= Task objective =
Beginning with the line that contains "Vente Terrain Campelos", retype the entries below exactly, ending with the line that contains "Choisya 'Aztec Pearl' - 3,0L". Leave out any pictures.

= Extracted records =
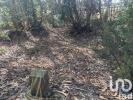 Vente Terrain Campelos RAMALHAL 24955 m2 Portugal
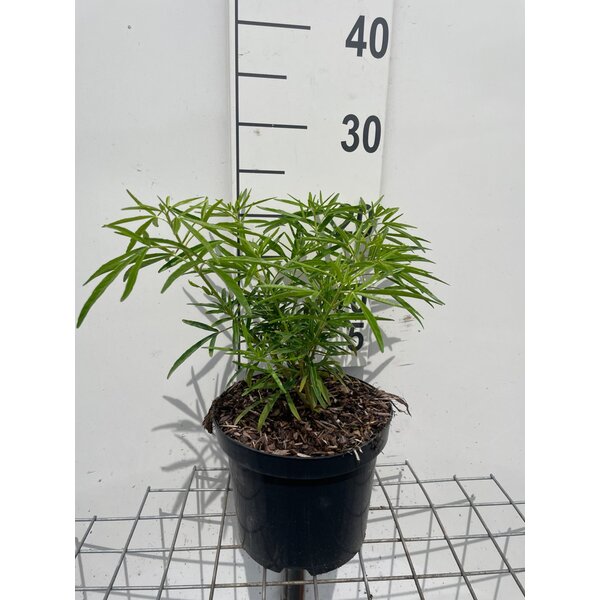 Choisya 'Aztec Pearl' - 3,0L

...

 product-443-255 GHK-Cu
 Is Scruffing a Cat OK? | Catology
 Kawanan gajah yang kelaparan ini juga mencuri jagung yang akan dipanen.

...

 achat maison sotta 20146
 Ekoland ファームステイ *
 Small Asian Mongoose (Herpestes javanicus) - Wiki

= Reply =
 Vente Terrain Campelos RAMALHAL 24955 m2 Portugal
 Choisya 'Aztec Pearl' - 3,0L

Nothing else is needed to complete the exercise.